An Interesting Detail
by Kimberly Campanello
Genres: PoetryPages: 80
Rating:
Synopsis:An important and timely collection spanning time and space, pain and power, from an innovative poetic voice
The poems in An Interesting Detail confront our shared, layered past (both planetary and human) and its knotty relationship to the present, stretching from today to prehistory, in a voice that is knowing and yearning, sincere and sardonic, and at times defiant. Campanello's prose poems, brief lyric outbursts, and poetic sequences ludically navigate catastrophe and sweep us up in the minutiae of everyday life, which includes pain and illness, machinations of power and moments of suspended connection.
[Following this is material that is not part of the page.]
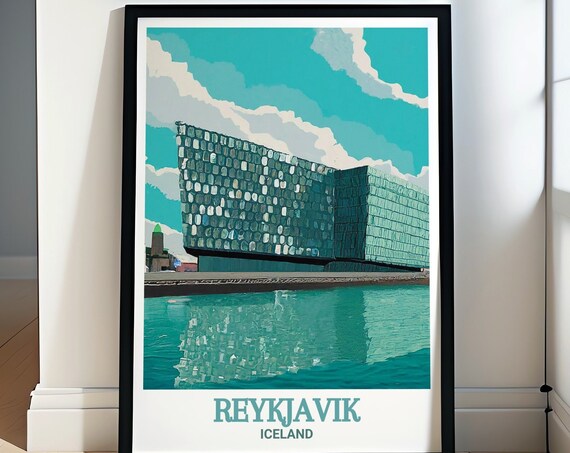 Reykjavik Iceland Harpa Concert Hall Glass Facade View Travel Poster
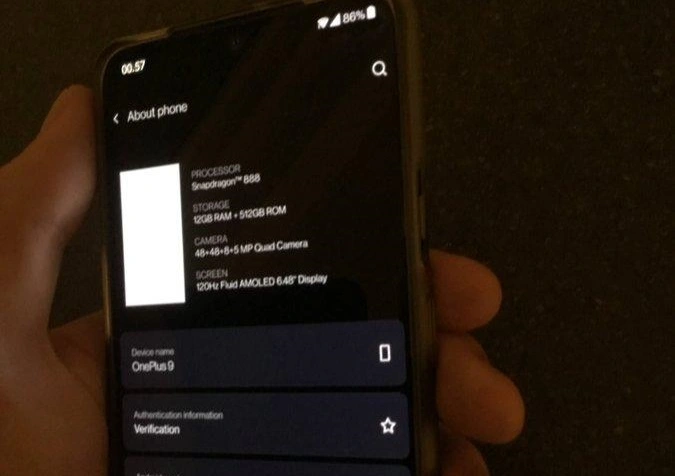 Prima foto dal vivo e caratteristiche di OnePlus 9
Kimberly Campanello’s An Interesting Detail was a random choice from the National Poetry Library’s catalogue, which I’m using to help me try out new poets and broaden my horizons a bit.
The collection is mostly made up of prose poetry, and unfortunately I’m not a fan of the style at all: there are some interesting images, linked by non-sequiturs, and I found that deeply frustrating. It felt disjointed for the sake of being disjointed, unintelligible for the sake of being unintelligible, and I just couldn’t get into it — in theory, I like prose poems (and have always liked writing them), but these just felt like they went nowhere.
As ever, since this is poetry, it could be a defect on my part — failing to understand the poet, or what the poem in question was trying to do. Still, not my thing.